This tool is used to train the deep learning model (details of usage can be found here).

Some parameters to consider, which will vary computation time and outputs:

Parameter Description
Input training data The folder containing the image chips, labels, and statistics required to train the model.
This is the output from the Export Training Data For Deep Learning tool.
To train a model, the input images must be 8-bit rasters with three bands.
Max Epochs A maximum epoch of one means the dataset will be passed forward and backward through the neural network one time. The default value is 20.
The number of epochs is a hyperparameter that defines the number times that the learning algorithm will work through the entire training dataset.
Model type MASKRCNN —The MaskRCNN approach will be used to train the model. MaskRCNN is used for object detection. It is used for instance segmentation, which is precise delineation of objects in an image. This model type can be used to detect building footprints. It uses the MaskRCNN metadata format for training data as input. Class values for input training data must start at 1. This model type can only be trained using a CUDA-enabled GPU.
Batch size The number of training samples to be processed for training at one time. The default value is 2. If you have a powerful GPU, this number can be increased to 8, 16, 32, or 64.
The batch size is a hyperparameter that defines the number of samples to work through before updating the internal model parameters.
Chip size All model types support the chip_size argument, which is the chip size of the tiles in the training samples. The image chip size is extracted from the .emd file from the folder specified in the in_folder parameter.
Learning rate No value defined: The rate at which existing information will be overwritten with newly acquired information throughout the training process. If no value is specified, the optimal learning rate will be extracted from the learning curve during the training process.
Backbone Model Default used: RESNET50 —The preconfigured model will be a residual network trained on the ImageNET Dataset that contains more than 1 million images and is 50 layers deep.
Tool screenshot
Train Deep Learning Model ToolTrain Deep Learning Model Tool

Figure 4: Train Deep Learning Model Tool


Adding a chip size larger than 512 or a batch size larger than 4 resulted in the error CUDA out of memory, i.e. the GPU installed was not enough.

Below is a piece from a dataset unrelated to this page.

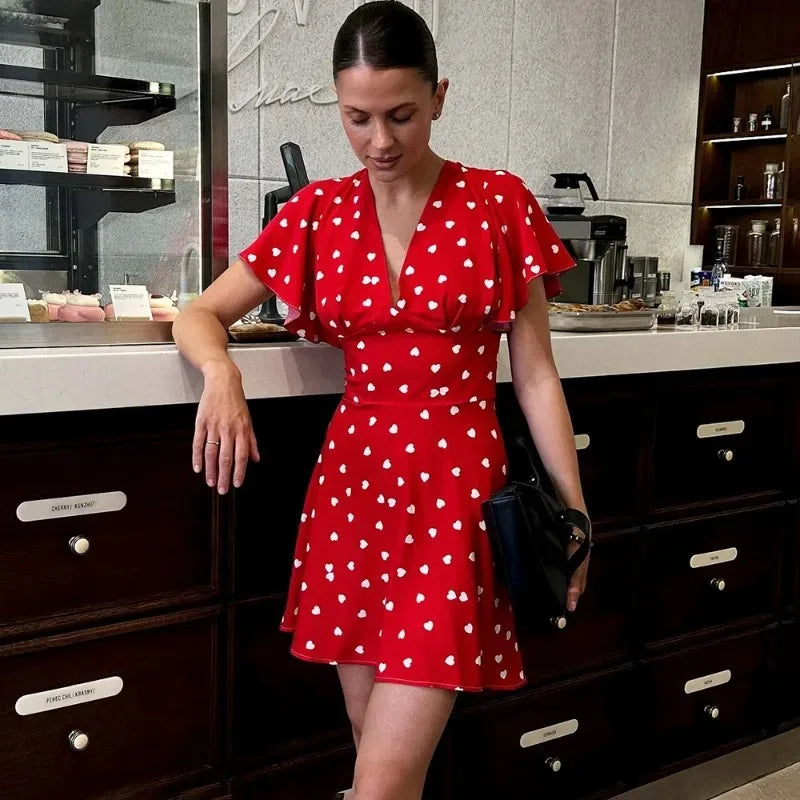 Glorol - Print V-Neck High Waist Mini Dress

In general training the deep learning models took between 10 and 12 hours.

Detect Objects

Finally, this tool was used to detect the objects using the deep learning models previously trained.

Tool screenshot
Detect Objects using Deep Learning ToolDetect Objects using Deep Learning Tool

Figure 5: Detect Objects using Deep Learning Tool


The threshold parameter refers to the minimum confidence value to keep for the detected objects. The padding size was the main parameter tested with this tool. The resulting objects and the run time varied depending on which padding size was selected. For an overview of the runtime see the figures below.

Ellapsed times vs Padding sizeEllapsed times vs Padding size

Figure 6: Ellapsed times vs Padding size

Application

The goal of these tests was to apply the Deep Learning Tools provided in ArcGIS Pro to detect gully features on terrain derivatives obtained from a LiDAR DEM.

Input data

Initially 15 derivatives (see figure 7) were computed from the DEM.

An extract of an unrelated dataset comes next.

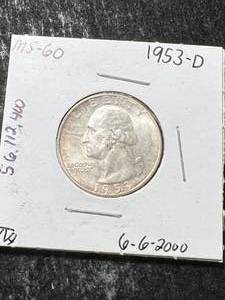 1953-D US WASHINGTON QUARTER MS60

channel network planar curvature profile curvature downslope distance gradient flow accumulation
LS-factor mass balance index hillshade slope specific catchment area
stream power index texture terrain ruggedness index terrain wetness index vertical distance to channel network
Terrain derivatives computed

Figure 7: Terrain derivatives computed

The plan was to use all of them for gully detection. Since, that was not possible, I did a selection of derivatives, see here.

The combinations tested were:

  • Planar curvature + Slope + Terrain wetness index (cplan+slope+twidx)
  • LS-factor + Terrain ruggedness index + Terrain wetness index (lsfct+tridx+twidx)
  • LS-factor + Hillshade + Terrain ruggedness index (lsfct+shade+tridx)

Model characteristics

The ArcGIS Pro workflow for Deep Learning was applied for each of these combinations, preparing training data and running a model for each of them.

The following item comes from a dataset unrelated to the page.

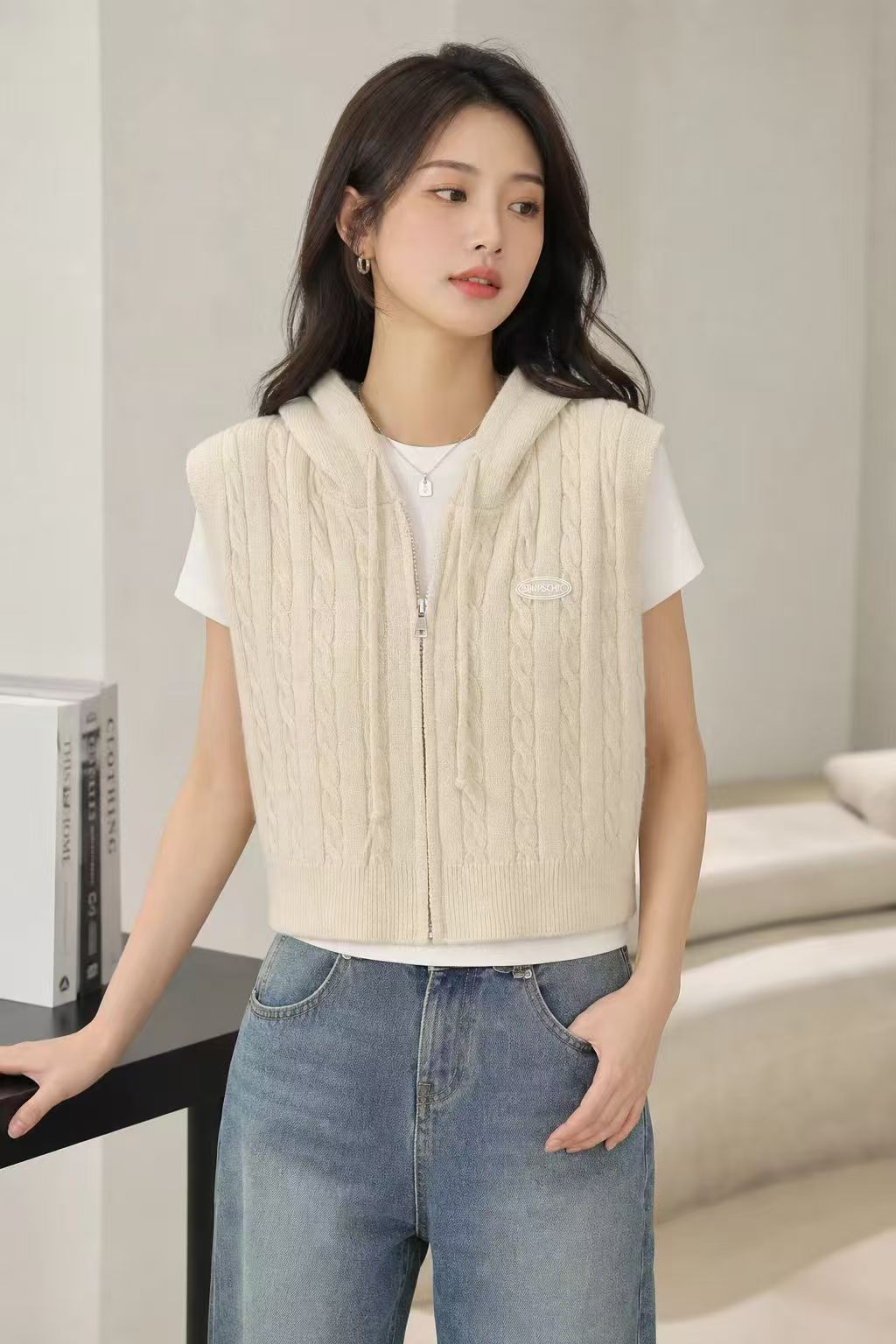 Women's Hooded Twist Waistcoat Outer Wear Loose Cardigans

  1. cplan+slope+twidx model characteristics
Loss graph and Results subset for the first modelLoss graph and Results subset for the first model

Figure 8: Loss graph and Results subset for the first model


  1. lsfct+tridx+twidx characteristics
Loss graph and Results subset for the second modelLoss graph and Results subset for the second model

Figure 9: Loss graph and Results subset for the second model


  1. lsfct+shade+tridx characteristics
Loss graph and Results subset for the third modelLoss graph and Results subset for the third model

Figure 10: Loss graph and Results subset for the third model


Each of the resulting models were then passed to the Detect Objects tool with distinct padding sizes (250, 200, 128, 64, 32, 16, 4, 0). Every run of the tool resulted in slightly different results.

Results

The final detected objects obtained from each of the models varied depending on the derivatives selection but also on the padding size selected.

In general, a higher amount of objects were detected for the lsfct+shade+tridx model.

Distribution of Confidence values for the detected objects according to the padding size and model

Figure 11: Distribution of Confidence values for the detected objects according to the padding size and model

The spatial distribution of the objects detected with the lsfct+shade+tridx model seemed also to offer a better overview of the gully location throughout the study area. This model seemed to be the most promising combination of terrain derivatives.

Spatial distribution of detected objects by model

Figure 12: Spatial distribution of detected objects by model

To simplify the exploration, I will only look into the results of this model. All the other results are in the deep_learning/DetectedObjects directory as shapefiles.

Below is an overview of the detected objects according to the padding size used. In the background in light grey, the reference gully data is mapped.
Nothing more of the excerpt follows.